Using the records below, transcribe word for word the stretch from the line that contains "Toyota bZ4X Dynamic" through the line that contains "Stadtpfarrer Thomas Kraus", both end lines included, and nothing else.

** Opening RECORDS SUPPLIED block **

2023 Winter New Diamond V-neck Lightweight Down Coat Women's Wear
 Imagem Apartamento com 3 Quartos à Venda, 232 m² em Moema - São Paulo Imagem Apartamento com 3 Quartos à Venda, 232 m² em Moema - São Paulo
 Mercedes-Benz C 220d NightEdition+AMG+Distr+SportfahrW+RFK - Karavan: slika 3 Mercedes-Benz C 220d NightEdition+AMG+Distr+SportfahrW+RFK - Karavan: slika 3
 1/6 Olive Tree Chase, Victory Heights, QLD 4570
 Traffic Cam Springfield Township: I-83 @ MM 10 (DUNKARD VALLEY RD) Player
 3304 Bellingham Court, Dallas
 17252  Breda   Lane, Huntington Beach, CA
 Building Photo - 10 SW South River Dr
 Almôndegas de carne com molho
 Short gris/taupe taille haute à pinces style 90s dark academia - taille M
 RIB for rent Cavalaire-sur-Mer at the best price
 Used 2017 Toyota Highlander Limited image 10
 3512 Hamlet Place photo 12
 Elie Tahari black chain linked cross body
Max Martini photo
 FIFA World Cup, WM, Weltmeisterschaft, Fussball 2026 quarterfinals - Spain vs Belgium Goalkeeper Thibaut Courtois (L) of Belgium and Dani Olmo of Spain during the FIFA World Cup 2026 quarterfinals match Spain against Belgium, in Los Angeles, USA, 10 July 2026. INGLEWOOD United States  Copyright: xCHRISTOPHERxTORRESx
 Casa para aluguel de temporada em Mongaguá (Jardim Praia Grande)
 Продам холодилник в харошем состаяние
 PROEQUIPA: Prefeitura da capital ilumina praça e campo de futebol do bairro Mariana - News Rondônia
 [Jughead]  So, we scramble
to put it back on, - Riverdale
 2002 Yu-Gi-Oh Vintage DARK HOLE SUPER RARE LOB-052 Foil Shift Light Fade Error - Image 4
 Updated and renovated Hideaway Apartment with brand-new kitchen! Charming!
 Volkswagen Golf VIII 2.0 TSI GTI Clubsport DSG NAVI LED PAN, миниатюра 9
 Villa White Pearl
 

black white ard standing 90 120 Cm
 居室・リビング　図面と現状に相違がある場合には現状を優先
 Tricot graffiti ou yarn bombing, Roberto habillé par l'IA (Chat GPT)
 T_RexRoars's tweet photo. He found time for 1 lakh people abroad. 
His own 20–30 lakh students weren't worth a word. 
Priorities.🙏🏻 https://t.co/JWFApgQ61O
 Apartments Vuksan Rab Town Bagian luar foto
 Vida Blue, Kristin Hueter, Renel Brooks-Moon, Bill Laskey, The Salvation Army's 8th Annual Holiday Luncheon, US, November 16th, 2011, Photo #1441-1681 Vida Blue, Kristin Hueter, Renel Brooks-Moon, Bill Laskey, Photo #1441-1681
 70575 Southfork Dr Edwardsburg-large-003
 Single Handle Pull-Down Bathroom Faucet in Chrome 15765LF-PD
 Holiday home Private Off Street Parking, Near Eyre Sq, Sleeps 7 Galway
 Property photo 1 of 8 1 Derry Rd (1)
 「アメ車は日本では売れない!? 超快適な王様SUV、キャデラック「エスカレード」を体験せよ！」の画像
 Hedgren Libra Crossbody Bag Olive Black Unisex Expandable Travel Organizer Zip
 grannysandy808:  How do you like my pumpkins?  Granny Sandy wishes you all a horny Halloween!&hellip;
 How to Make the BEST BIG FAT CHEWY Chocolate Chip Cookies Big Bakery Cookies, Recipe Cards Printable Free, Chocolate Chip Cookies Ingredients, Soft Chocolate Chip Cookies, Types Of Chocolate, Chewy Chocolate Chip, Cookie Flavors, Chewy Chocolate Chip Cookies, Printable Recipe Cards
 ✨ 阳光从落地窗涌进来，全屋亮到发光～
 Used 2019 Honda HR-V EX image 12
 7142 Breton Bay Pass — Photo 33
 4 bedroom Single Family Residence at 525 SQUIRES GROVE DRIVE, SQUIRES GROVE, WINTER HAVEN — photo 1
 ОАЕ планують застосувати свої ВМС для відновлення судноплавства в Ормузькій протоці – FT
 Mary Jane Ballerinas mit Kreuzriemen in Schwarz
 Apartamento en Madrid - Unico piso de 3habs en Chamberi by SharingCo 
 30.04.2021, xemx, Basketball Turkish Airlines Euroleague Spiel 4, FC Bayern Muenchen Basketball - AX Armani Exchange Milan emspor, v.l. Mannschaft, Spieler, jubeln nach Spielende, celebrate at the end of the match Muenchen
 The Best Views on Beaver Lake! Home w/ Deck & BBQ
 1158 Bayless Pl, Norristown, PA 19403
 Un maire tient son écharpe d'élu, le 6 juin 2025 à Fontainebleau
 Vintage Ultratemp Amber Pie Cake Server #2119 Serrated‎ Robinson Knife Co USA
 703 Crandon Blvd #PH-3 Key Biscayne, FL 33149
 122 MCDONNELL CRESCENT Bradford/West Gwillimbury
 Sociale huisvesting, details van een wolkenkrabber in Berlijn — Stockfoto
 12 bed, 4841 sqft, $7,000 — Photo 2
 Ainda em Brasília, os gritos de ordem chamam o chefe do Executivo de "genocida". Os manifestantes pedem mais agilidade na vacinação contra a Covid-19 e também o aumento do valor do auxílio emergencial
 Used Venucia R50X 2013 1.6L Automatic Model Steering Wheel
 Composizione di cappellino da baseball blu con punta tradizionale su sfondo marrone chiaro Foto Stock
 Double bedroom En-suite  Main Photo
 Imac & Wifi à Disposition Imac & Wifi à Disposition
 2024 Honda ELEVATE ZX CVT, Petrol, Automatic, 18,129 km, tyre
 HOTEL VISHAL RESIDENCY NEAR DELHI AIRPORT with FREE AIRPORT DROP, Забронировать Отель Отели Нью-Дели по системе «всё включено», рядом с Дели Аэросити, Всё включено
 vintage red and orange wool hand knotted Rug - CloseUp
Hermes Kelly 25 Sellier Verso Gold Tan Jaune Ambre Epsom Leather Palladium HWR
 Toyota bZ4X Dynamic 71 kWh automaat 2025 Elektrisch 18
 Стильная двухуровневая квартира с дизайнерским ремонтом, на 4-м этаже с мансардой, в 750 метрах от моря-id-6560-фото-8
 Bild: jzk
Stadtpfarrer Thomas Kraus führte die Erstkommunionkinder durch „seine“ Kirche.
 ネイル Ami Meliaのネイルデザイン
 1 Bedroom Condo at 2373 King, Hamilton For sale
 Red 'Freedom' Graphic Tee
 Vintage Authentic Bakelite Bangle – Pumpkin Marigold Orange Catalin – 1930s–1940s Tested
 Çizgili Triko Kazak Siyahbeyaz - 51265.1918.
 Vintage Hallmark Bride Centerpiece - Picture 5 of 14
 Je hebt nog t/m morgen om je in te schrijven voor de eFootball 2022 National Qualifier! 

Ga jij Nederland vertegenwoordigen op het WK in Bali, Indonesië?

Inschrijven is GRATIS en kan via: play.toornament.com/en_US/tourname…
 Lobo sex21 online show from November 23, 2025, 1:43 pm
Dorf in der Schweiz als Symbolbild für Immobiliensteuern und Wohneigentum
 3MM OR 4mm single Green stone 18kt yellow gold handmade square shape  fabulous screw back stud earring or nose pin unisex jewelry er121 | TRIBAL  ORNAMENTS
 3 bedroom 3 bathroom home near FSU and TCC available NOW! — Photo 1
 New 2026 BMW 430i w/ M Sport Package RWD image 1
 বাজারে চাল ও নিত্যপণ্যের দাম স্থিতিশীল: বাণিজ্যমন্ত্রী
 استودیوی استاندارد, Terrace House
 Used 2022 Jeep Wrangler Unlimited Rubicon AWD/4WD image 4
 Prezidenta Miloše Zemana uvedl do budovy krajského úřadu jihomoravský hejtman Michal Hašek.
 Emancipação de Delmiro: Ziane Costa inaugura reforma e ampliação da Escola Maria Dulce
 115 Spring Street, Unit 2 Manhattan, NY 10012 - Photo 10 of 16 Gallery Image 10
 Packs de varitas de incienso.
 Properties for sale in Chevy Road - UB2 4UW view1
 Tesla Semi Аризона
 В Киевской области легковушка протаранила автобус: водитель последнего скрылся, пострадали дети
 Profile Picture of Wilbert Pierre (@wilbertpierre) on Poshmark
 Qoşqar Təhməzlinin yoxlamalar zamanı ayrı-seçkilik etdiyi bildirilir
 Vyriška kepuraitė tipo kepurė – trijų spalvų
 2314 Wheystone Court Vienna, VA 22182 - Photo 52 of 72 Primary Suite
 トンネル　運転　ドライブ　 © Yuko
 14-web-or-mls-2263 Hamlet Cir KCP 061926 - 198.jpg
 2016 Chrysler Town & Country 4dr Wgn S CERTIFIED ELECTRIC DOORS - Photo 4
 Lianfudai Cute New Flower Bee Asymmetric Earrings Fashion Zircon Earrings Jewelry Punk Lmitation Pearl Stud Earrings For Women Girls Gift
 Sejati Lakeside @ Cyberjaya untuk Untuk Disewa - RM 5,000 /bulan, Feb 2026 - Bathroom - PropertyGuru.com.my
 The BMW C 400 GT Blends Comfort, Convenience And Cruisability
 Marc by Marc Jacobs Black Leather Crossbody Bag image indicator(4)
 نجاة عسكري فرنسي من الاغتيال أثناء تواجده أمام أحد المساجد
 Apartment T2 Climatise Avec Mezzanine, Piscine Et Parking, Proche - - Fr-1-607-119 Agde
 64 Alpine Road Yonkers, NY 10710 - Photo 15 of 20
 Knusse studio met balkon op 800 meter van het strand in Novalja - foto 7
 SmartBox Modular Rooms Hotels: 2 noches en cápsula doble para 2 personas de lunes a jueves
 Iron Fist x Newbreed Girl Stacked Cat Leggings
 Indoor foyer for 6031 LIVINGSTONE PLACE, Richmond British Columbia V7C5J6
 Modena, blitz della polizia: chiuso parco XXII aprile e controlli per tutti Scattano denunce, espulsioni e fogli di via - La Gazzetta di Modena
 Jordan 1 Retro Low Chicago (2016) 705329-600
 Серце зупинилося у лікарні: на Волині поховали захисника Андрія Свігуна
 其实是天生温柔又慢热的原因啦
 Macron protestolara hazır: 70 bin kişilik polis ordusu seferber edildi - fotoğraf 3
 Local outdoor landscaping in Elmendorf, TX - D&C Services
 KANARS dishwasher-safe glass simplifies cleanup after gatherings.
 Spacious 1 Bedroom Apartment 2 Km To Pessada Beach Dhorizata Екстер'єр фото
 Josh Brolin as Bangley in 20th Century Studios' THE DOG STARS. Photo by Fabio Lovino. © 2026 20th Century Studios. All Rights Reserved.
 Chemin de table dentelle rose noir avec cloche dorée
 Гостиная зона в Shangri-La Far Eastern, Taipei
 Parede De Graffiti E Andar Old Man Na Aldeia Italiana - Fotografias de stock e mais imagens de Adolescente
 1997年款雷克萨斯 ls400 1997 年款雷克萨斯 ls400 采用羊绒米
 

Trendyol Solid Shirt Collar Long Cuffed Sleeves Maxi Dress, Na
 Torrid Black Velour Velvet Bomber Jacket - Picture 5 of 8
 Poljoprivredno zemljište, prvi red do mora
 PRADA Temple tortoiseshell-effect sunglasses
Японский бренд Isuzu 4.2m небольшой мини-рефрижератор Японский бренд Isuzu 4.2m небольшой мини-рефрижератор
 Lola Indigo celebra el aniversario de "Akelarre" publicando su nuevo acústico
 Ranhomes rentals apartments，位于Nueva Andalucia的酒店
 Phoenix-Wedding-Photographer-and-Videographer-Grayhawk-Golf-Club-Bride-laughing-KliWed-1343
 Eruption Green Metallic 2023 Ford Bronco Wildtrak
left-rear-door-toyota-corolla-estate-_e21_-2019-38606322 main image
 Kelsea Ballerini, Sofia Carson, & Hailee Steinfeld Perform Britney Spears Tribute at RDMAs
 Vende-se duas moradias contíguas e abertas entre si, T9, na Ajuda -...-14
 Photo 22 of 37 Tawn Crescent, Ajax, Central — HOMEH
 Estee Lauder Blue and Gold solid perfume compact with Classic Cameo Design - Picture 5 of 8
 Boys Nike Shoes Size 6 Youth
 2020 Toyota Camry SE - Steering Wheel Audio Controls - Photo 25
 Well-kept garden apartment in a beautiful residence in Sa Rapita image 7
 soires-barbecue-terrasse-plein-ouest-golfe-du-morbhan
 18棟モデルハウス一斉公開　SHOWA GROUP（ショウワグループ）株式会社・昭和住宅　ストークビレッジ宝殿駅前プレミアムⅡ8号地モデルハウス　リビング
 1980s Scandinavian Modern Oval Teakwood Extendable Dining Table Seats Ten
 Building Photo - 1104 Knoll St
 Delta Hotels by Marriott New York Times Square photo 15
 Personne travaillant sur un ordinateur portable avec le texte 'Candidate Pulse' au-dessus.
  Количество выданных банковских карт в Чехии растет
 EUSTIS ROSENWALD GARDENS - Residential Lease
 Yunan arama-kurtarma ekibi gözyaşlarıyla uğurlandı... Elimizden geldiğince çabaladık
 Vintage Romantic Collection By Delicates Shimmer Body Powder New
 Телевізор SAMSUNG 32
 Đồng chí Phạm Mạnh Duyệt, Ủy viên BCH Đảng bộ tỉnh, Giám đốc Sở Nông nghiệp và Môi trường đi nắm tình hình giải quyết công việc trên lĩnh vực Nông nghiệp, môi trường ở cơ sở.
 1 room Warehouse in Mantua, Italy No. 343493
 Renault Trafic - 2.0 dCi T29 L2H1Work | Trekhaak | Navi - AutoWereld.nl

** Closing RECORDS SUPPLIED block **

= EXERCISE RESULT =
 Toyota bZ4X Dynamic 71 kWh automaat 2025 Elektrisch 18
 Стильная двухуровневая квартира с дизайнерским ремонтом, на 4-м этаже с мансардой, в 750 метрах от моря-id-6560-фото-8
 Bild: jzk
Stadtpfarrer Thomas Kraus führte die Erstkommunionkinder durch „seine“ Kirche.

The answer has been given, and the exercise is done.